Was Jesus Really Raised From Death?

Author: Steve Adams

Pubished: Saturday 31st March 12:41pm

In the previous blog entry in this series, we noted that the resurrection is the necessary hinge on which all of Christianity turns. Even the Bible itself acknowledges that if Jesus wasn't actually raised, that Christianity is futile and we should be pitied above all people. If the resurrection is so tantamount to the legitimacy of the entire Christian faith, surely there must be substantial reasons why people believed (and gave their life) that Jesus was actually raised from the dead on the third day after His crucifixion. Josephus was a first century Jewish historian who also served the Roman emperor Vespasian. Neither his religious convictions nor workplace environment afforded him any reason to speak too favourably of Jesus - especially His resurrection.

Josephus (1st Century Jewish Historian) - Antiquities 18.3
At this time there was a wise man who was called Jesus. His conduct was good and (he) was known to be virtuous. And many people from among the Jews and the other nations became his disciples. Pilate condemned him to be crucified and to die. But those who had become his disciples did not abandon his discipleship. They reported that he had appeared to them three days after his crucifixion, and that he was alive; accordingly he was perhaps the Messiah, concerning whom the prophets have recounted wonders.
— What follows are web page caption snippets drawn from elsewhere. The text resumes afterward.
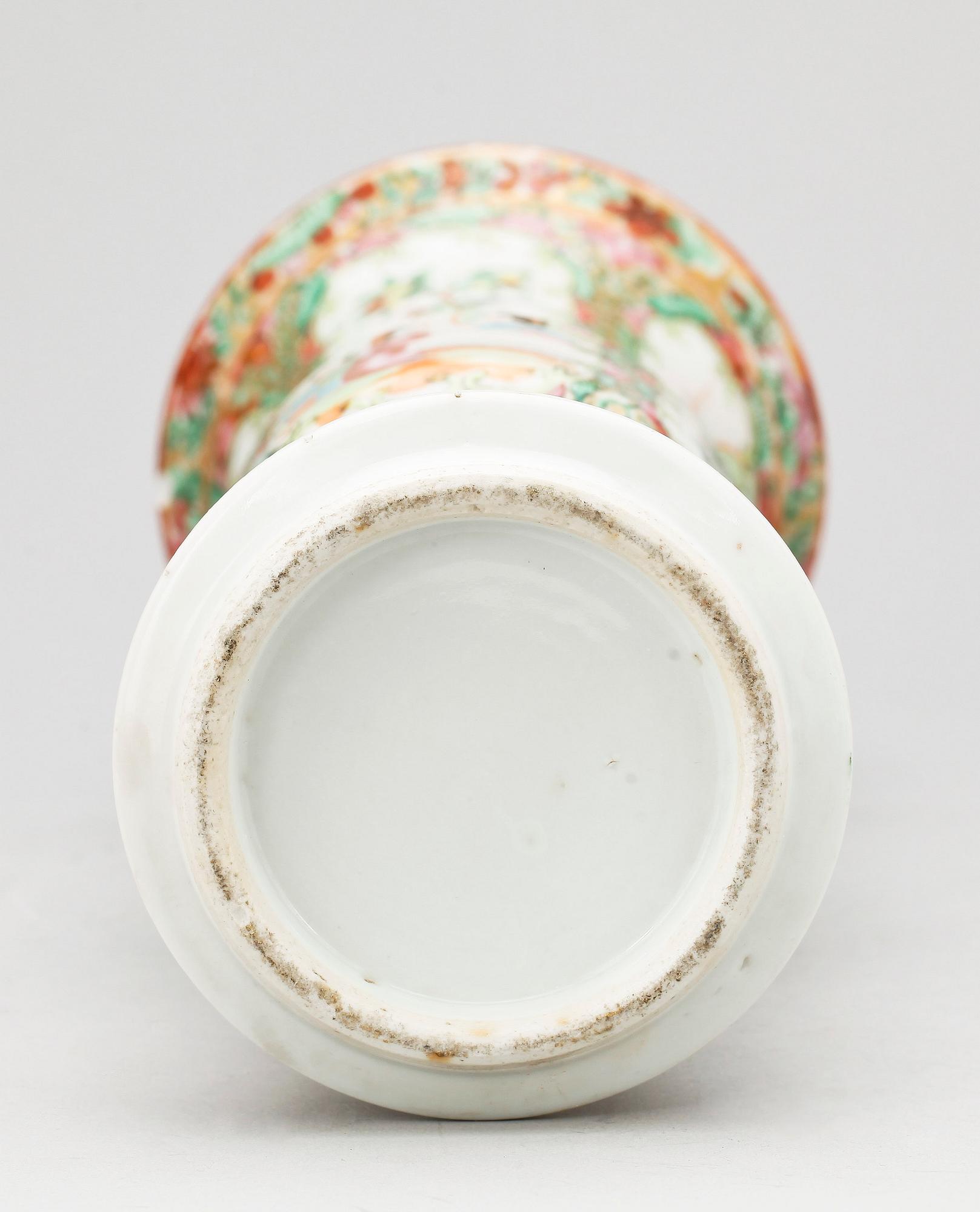 VAS / HATSTAND, porslin, sannolikt Japan, 1900-tal.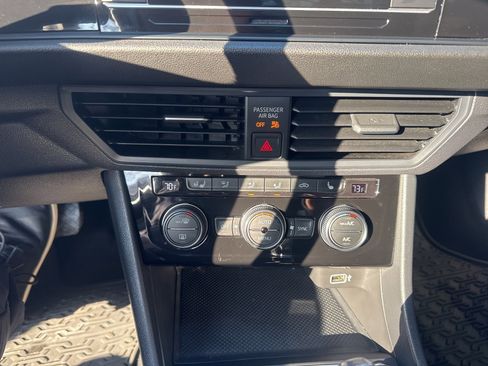 Used 2019 Volkswagen Jetta SE w/ Cold Weather Package image 7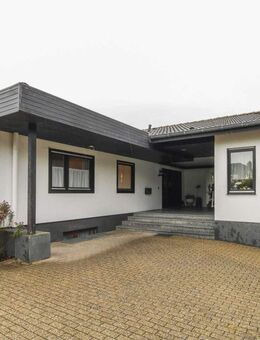 Wohlfühloase: Zuhause in schöner, ruhiger Lage in Monschau - 2 Bungalows und Einliegerwohnung - Monschau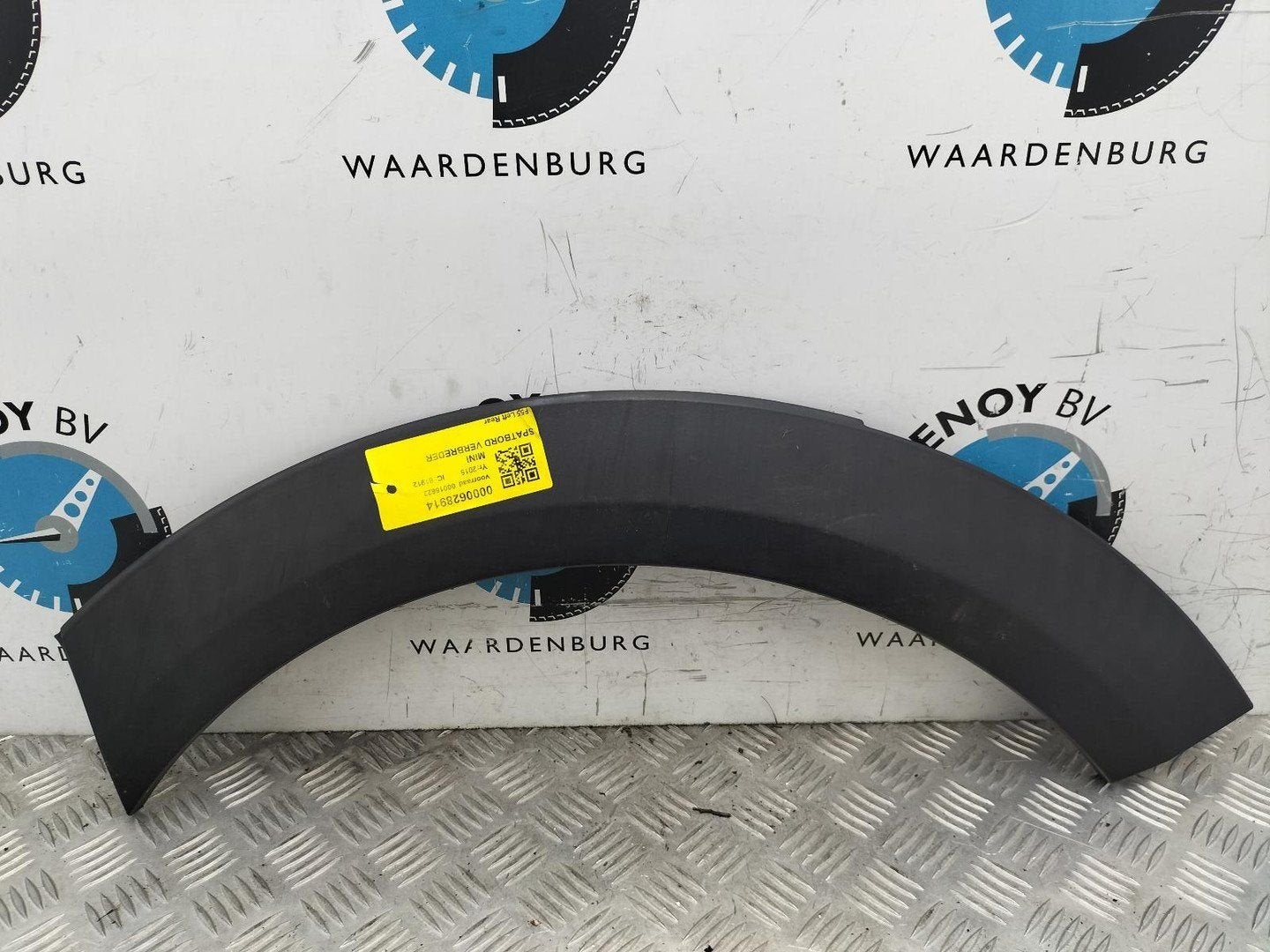 MINI (BMW) MINI F55 One 1.2 One Pepper Bns.  SPATBORD VERBRE, Ophalen of Verzenden, Gebruikt, ARN erkend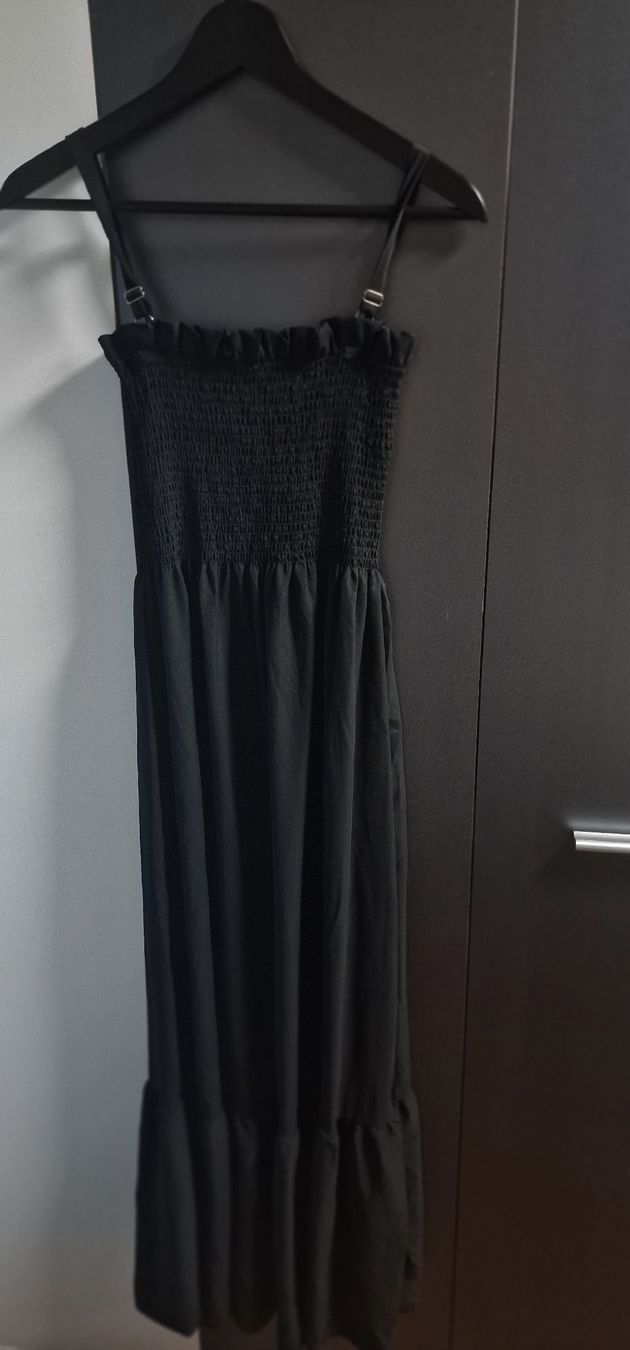 Kleider: Schwarzes Sommerkleid  Gr. S – Neu und originalverpackt aus Chur von car_5clc 1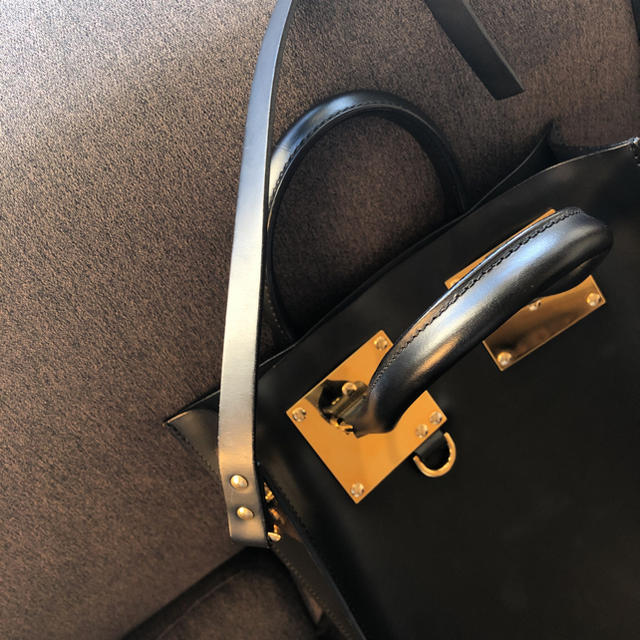 SOPHIE HULME(ソフィーヒュルム)のSOPHIE HULMEソフィーヒュルムバッグ黒bag レディースのバッグ(ショルダーバッグ)の商品写真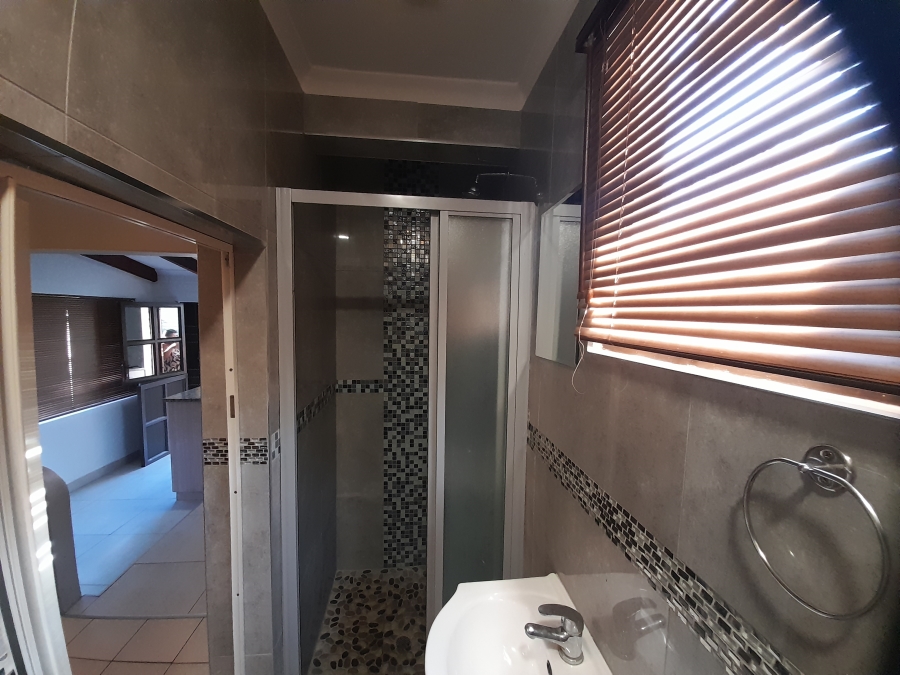 To Let 1 Bedroom Property for Rent in Montclair KwaZulu-Natal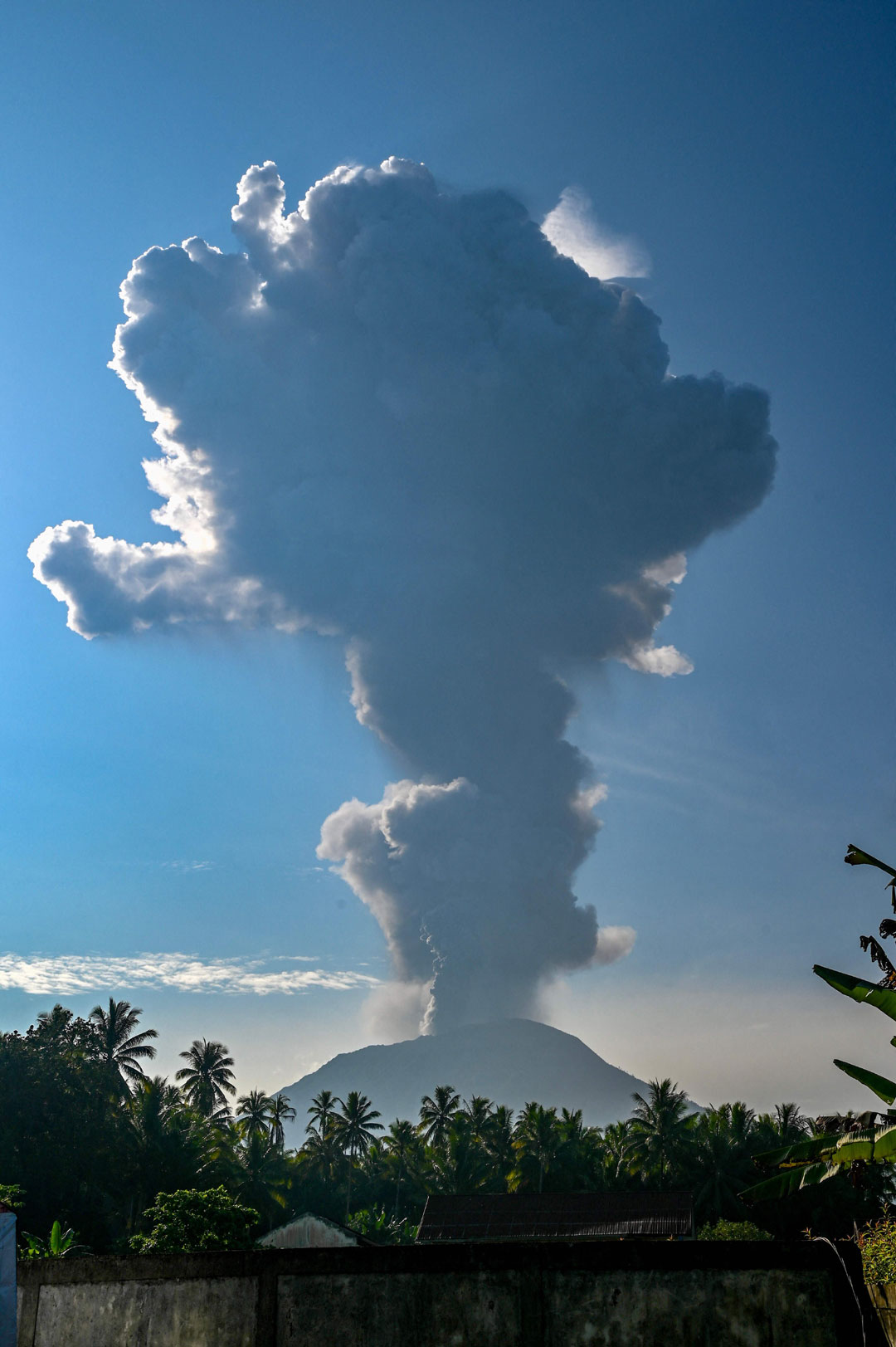 印尼伊布火山喷发 警戒升至最高级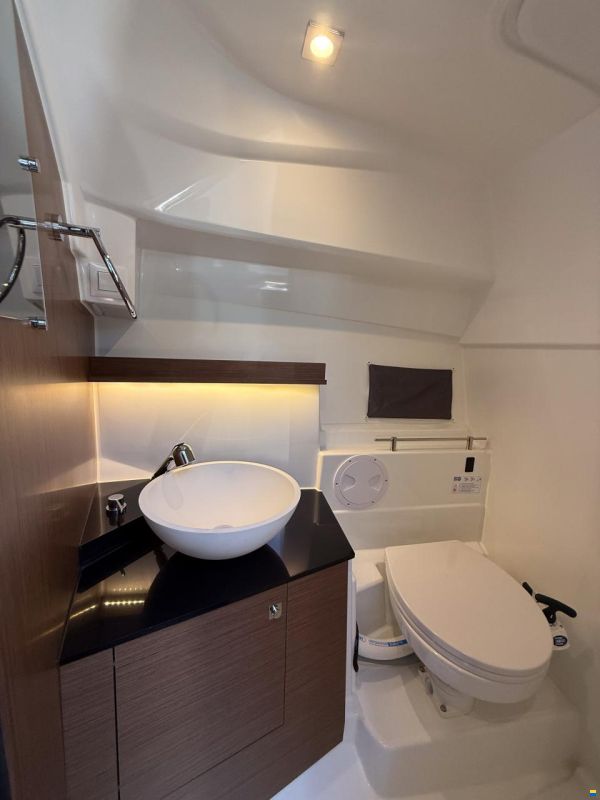 Jeanneau Cap Camarat WA 9.0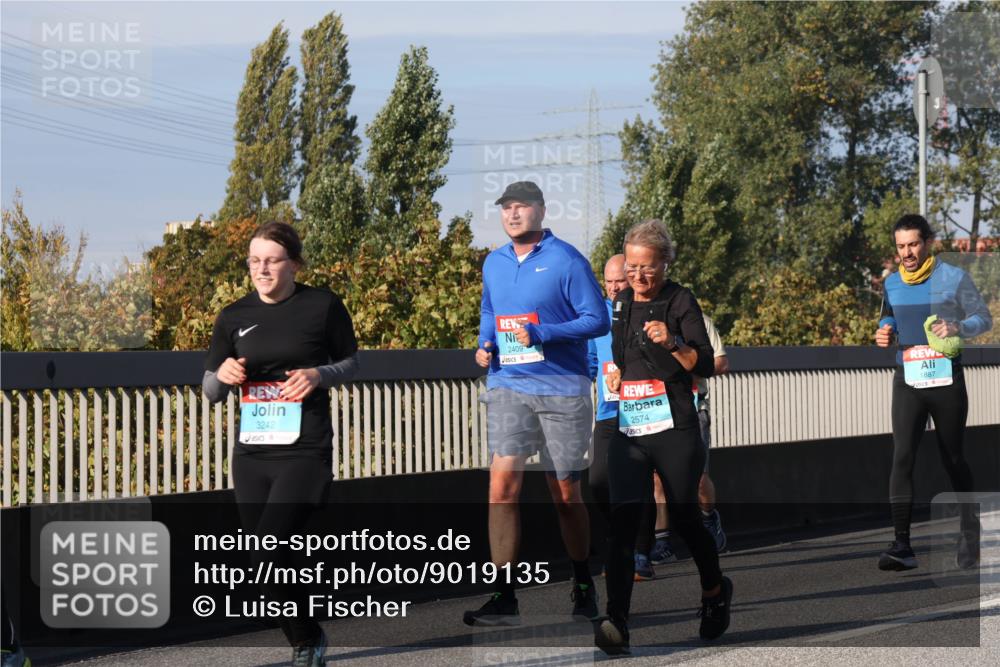 03.10.2025 - Köhlbrandbrückenlauf Luisa Fischer http://msf.ph/oto/9019135 03.10.2025 11:09:09 Position 3 3242, 2409, 2574, 1887 meine-sportfotos.de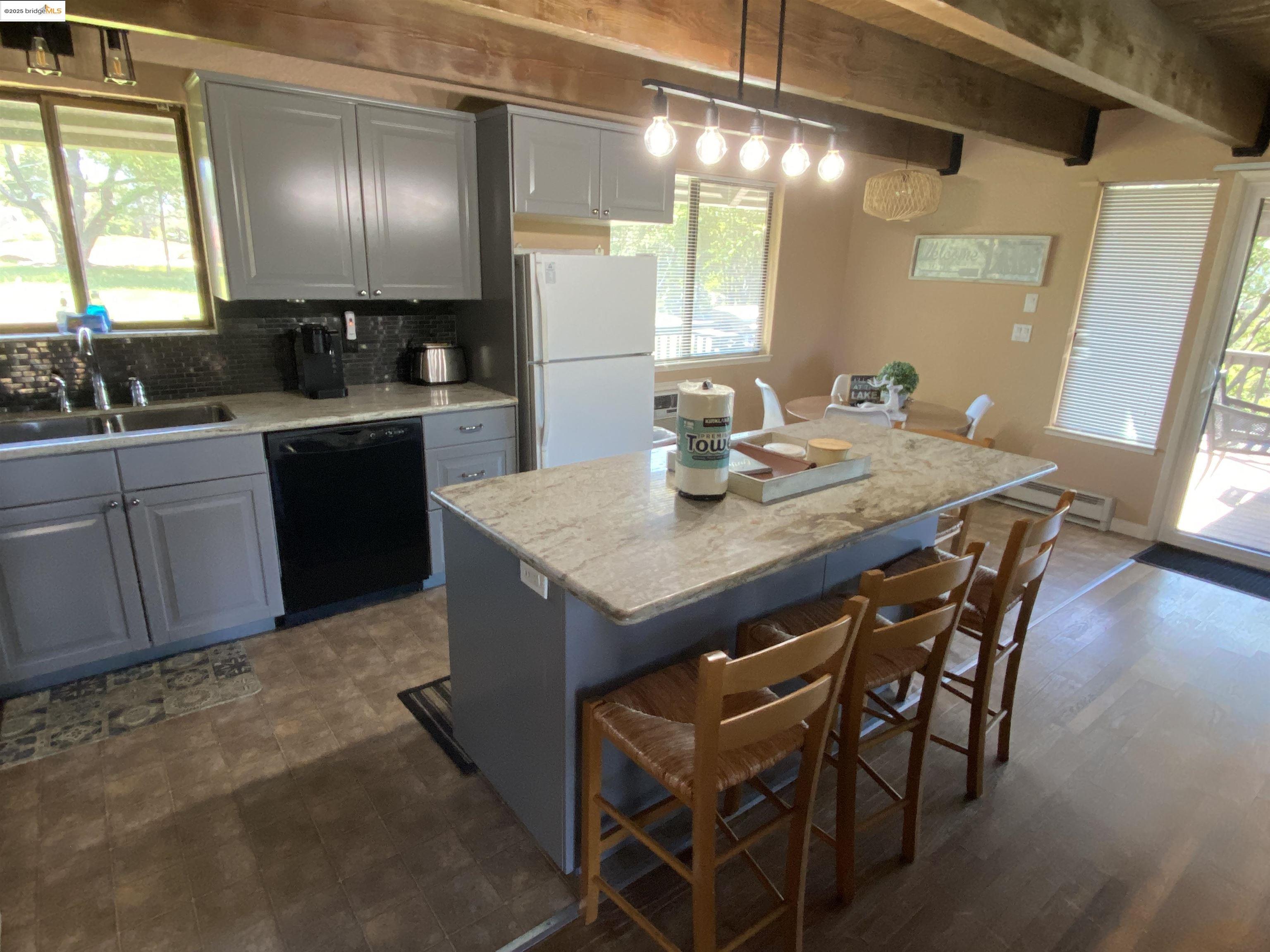 Detail Gallery Image 4 of 13 For 20632 Longview, Groveland,  CA 95321 - 4 Beds | 2 Baths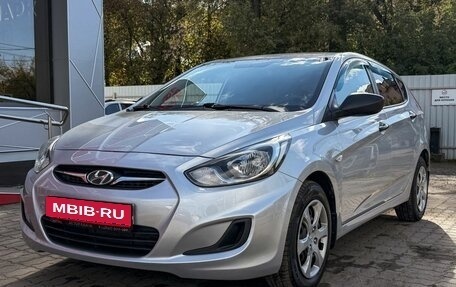 Hyundai Solaris II рестайлинг, 2013 год, 749 000 рублей, 4 фотография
It must be noted that Josephus does not claim that Jesus had risen from the dead but he does acknowledge that the followers of Jesus claimed that they had seen Him after he was raised. This might seem a fairly insignificant insight into history. After all, wouldn't it makes sense that Jesus' followers would naturally be convinced that Jesus would be raised from the dead like He claimed He would on at least three occasions? Well, this is where the Biblical accounts are quite embarrassing. Despite the fact that the Gospels record on numerous occasions that Jesus told His followers that He would be raised on the third day, absolutely none of His followers appeared to have actually expected it to happen. On that first Easter Sunday morning, Jesus followers were hiding away in a locked room for fear of the Jews because of their association with Jesus. Even when the women who went to the tomb (expecting to embalm His dead body but found that He had gone) reported to Jesus followers that He had risen, they thought it was a joke. Something must have happened in order to change Jesus' followers from their state of fearfulness and skepticism to their bold fanaticism in proclaiming His resurrection amidst harsh persecution. A brief look at the options may show that the most feasible conclusion is that Jesus' followers actually did see the risen Christ.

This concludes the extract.